**Work required**
Repeat the records below exactly from the line containing "We call it the" to the line containing "Now we need", taking in both of those lines. Drop the pictures.

Input data Start Marker

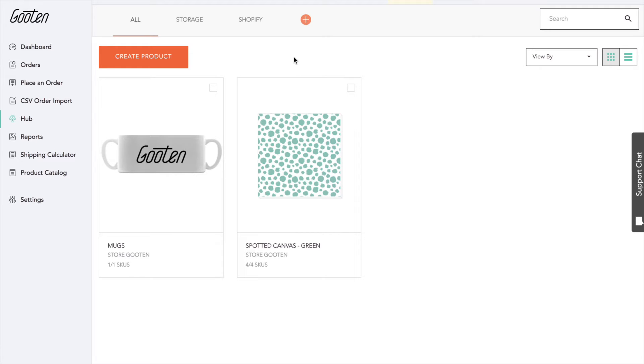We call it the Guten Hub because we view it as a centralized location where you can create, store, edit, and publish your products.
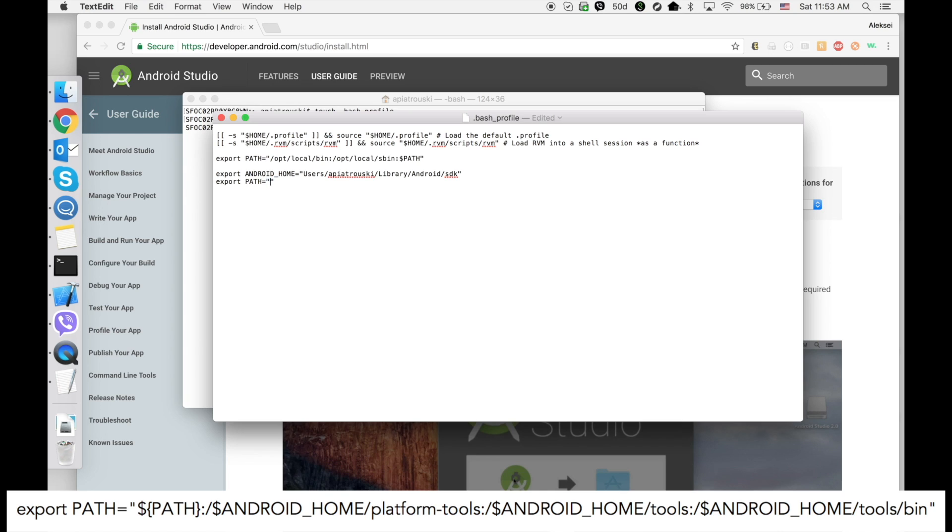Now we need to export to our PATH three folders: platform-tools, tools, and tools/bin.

Input data End Marker
Input data Start Marker

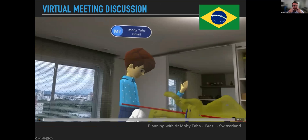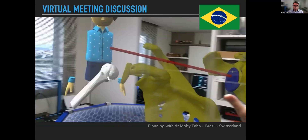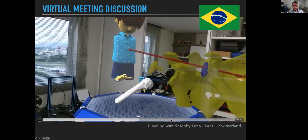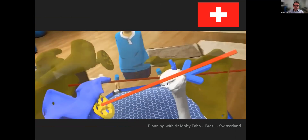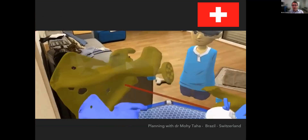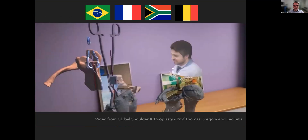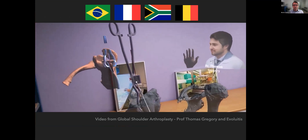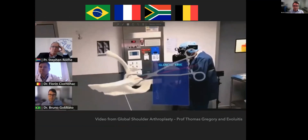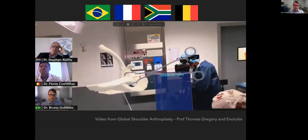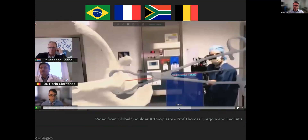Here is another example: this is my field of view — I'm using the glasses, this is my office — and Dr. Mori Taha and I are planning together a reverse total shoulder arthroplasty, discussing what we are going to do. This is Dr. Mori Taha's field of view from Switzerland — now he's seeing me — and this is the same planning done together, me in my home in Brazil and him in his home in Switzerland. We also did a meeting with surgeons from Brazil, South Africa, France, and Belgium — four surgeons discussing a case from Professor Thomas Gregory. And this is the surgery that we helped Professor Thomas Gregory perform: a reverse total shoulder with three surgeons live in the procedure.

Input data End Marker

**Result of the exercise**
We call it the Guten Hub because we view it as a centralized location where you can create, store, edit, and publish your products.
Now we need to export to our PATH three folders: platform-tools, tools, and tools/bin.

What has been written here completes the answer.